* EXERCISE PROMPT:
Go to the line that contains "Movement Solutions Physthrpy QR Card" in the listing below, then output it and every line after it exactly, omitting pictures.

───── DATASET ─────

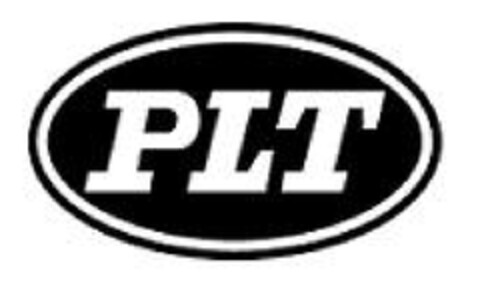 PLT Logo (EUIPO, 04/10/2012)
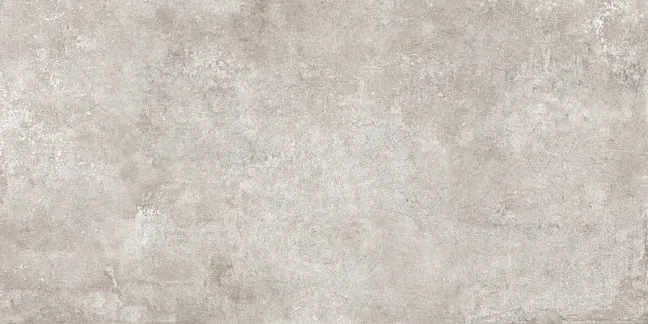 Peronda Керамогранит Charme Taupe 60x120x0,9 Матовый Ret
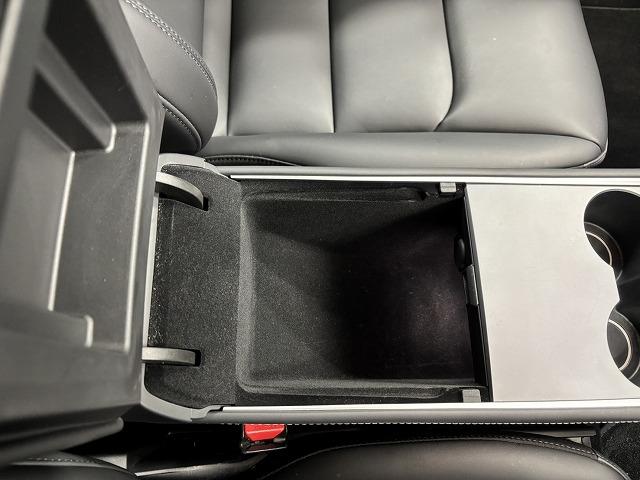 ���₢���킹�͂O�P�Q�O�|�V�O�|�S�O�X�Q�܂ŁB���X�����炱���̒m���E�o���L�x�ȁA�n�������X�^�b�t�B���A���q�l�ɓK�����������ē��v���܂��B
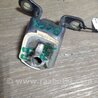 ФОТО Петля двери верхняя для Nissan Almera (03-09) Киев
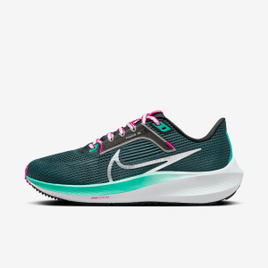 Imagem da oferta Tênis Nike Pegasus 40 - Feminino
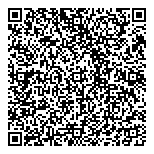 Movement Solutions Physthrpy QR Card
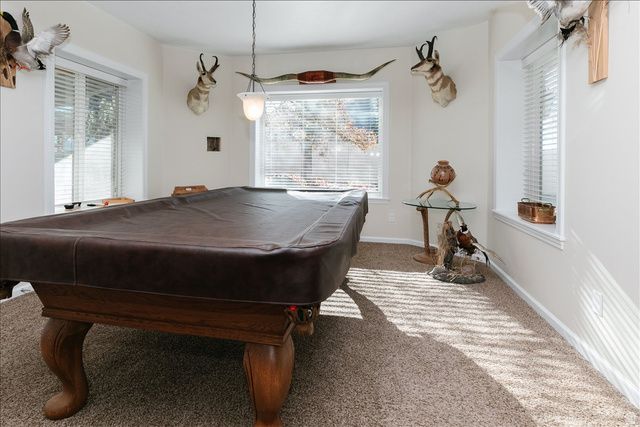 600 E 100 S, Hyde Park, UT 84318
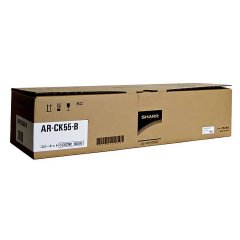 AR-CK55-B 純正トナー｜シャープ｜純正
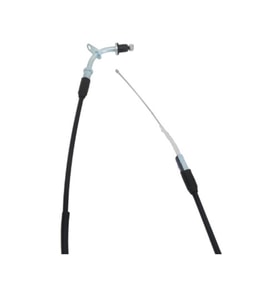 Monero Gaz Teli Ybr125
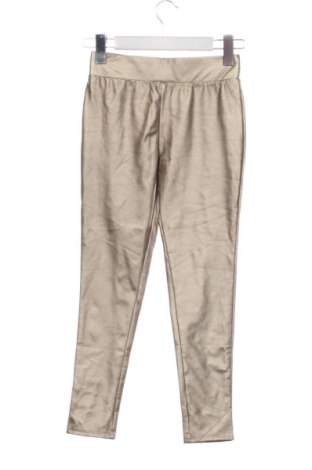 Kinderlegging Page One, Größe 8-9y/ 134-140 cm, Farbe Golden, Preis € 4,96, #137683766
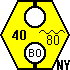 Tile Ukr1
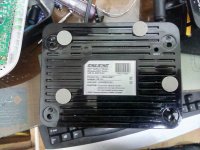 IMG_20170105_002807.jpg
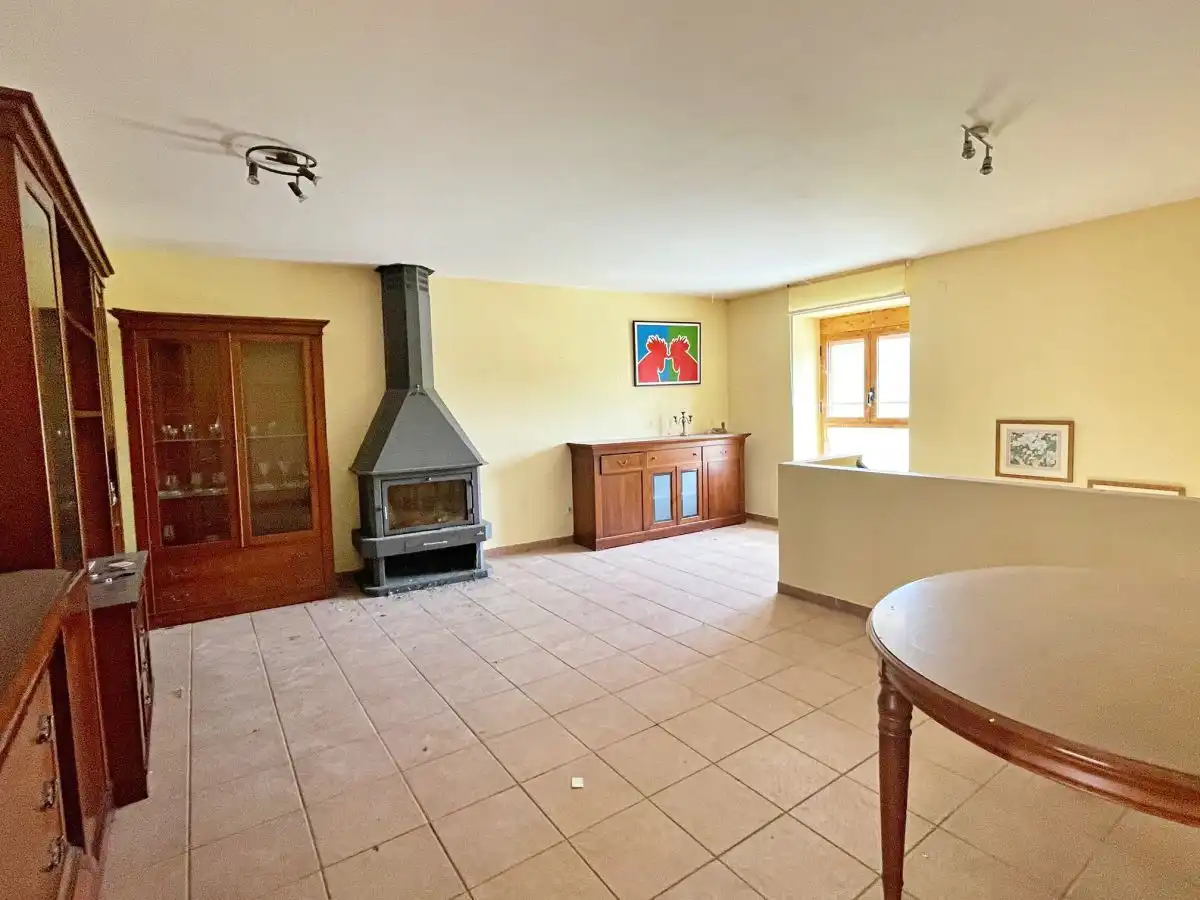 Villa à vendre à Jesús - Els Reguers, imagen 30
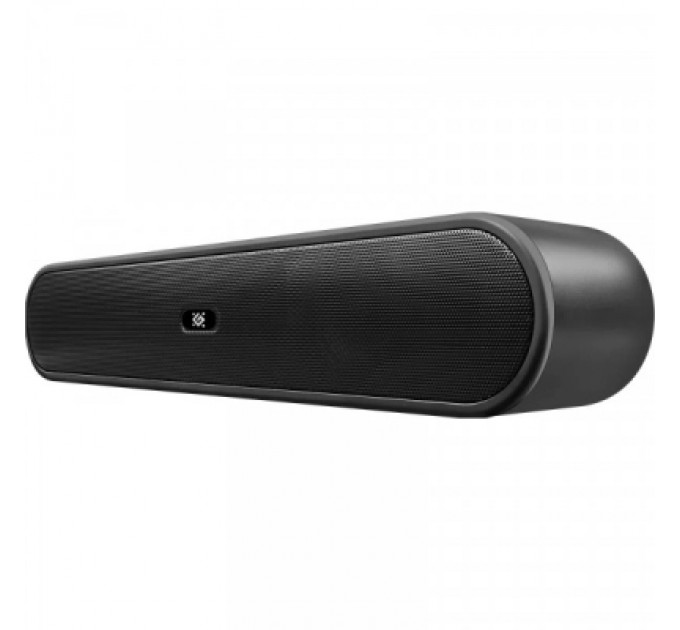 Defender Акустична система Defender Soundbar Z9 Black (65229)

─────

* THE COMPLETED TASK:
 Movement Solutions Physthrpy QR Card
 600 E 100 S, Hyde Park, UT 84318
 AR-CK55-B 純正トナー｜シャープ｜純正
 Monero Gaz Teli Ybr125
 Kinderlegging Page One, Größe 8-9y/ 134-140 cm, Farbe Golden, Preis € 4,96, #137683766
 Tile Ukr1
 IMG_20170105_002807.jpg
 Villa à vendre à Jesús - Els Reguers, imagen 30
 Defender Акустична система Defender Soundbar Z9 Black (65229)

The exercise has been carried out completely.